• Activity:
What lines in the records below mention "Used"? List them all.

Stored records:
====

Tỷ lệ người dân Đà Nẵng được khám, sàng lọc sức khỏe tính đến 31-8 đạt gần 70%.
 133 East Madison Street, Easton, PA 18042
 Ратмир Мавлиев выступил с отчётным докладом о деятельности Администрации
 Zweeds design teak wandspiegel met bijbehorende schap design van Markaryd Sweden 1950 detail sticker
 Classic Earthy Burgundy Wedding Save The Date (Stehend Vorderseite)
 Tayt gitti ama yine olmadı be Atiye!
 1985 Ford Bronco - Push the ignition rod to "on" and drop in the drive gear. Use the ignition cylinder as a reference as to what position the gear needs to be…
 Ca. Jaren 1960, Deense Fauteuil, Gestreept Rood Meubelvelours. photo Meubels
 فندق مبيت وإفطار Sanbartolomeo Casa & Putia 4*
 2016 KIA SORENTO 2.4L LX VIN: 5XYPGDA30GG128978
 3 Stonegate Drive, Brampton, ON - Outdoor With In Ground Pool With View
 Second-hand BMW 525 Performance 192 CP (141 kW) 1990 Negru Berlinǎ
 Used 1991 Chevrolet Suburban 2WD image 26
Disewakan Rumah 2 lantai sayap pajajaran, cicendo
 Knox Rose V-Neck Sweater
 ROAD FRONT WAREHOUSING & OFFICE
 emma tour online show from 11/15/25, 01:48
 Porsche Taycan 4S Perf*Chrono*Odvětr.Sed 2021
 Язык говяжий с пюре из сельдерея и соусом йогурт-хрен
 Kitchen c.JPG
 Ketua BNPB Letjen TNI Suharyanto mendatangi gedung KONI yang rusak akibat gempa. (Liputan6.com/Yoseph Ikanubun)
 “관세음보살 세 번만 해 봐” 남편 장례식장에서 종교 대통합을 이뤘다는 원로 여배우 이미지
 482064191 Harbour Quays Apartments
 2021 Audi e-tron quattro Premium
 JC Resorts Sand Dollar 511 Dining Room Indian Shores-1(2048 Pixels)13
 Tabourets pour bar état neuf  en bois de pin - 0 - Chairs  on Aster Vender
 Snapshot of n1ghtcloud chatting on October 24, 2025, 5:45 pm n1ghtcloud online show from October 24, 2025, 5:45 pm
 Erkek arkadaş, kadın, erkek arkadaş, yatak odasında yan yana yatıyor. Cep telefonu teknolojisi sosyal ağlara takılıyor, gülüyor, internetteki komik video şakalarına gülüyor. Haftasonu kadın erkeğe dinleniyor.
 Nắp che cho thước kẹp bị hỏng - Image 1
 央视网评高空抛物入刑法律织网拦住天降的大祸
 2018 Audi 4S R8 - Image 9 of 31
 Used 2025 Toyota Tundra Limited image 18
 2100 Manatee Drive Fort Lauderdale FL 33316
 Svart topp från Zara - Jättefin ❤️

====

• Response area:
 Used 1991 Chevrolet Suburban 2WD image 26
 Used 2025 Toyota Tundra Limited image 18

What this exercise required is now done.